YOUR GOAL:
What lines in the listing below hold the string "sale"? Please copy them out.

-=-=-

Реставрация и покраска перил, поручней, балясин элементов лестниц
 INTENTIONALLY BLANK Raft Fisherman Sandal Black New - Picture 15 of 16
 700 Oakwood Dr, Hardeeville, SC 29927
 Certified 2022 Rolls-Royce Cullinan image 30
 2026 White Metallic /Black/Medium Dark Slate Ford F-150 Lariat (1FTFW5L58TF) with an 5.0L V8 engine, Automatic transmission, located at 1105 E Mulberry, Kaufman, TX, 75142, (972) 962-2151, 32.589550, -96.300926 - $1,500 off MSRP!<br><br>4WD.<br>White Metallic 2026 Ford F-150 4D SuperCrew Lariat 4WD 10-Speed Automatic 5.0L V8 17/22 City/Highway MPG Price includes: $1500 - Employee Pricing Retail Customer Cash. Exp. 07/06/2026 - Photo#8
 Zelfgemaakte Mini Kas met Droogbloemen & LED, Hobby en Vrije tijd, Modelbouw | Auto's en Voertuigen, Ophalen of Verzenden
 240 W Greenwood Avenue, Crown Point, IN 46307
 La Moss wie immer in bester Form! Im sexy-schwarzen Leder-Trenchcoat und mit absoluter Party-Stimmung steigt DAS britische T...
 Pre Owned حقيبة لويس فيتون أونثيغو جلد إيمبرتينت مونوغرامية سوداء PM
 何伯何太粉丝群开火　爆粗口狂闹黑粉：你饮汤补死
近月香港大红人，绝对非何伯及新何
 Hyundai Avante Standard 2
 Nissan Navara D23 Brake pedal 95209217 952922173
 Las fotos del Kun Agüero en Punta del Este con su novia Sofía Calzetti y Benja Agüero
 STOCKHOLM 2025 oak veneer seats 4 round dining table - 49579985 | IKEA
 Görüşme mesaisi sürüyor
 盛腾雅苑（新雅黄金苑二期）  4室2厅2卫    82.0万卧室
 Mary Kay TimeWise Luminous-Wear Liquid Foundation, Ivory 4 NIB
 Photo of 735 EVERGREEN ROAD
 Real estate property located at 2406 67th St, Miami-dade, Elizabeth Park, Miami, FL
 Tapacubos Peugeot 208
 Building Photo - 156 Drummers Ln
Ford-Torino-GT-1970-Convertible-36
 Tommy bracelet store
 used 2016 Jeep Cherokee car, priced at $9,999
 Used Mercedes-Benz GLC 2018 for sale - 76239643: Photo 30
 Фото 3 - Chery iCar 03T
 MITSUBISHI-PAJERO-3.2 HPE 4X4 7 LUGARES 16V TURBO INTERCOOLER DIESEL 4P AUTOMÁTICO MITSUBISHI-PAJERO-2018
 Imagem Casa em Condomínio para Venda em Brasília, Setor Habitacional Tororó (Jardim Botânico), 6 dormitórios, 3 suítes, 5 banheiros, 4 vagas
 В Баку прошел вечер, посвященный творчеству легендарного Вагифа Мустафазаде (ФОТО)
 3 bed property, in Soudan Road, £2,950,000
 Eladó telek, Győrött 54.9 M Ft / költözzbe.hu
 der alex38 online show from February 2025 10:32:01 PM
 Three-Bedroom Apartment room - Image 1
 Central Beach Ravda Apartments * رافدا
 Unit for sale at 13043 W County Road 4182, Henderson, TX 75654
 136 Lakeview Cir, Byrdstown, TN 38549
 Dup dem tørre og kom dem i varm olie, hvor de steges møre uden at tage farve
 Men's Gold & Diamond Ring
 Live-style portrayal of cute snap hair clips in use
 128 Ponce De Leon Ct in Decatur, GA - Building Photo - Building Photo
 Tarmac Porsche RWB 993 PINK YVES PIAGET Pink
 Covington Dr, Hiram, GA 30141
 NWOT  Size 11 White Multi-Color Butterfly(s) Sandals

-=-=-

RESPONSE TO THE TASK:
 Used Mercedes-Benz GLC 2018 for sale - 76239643: Photo 30
 Unit for sale at 13043 W County Road 4182, Henderson, TX 75654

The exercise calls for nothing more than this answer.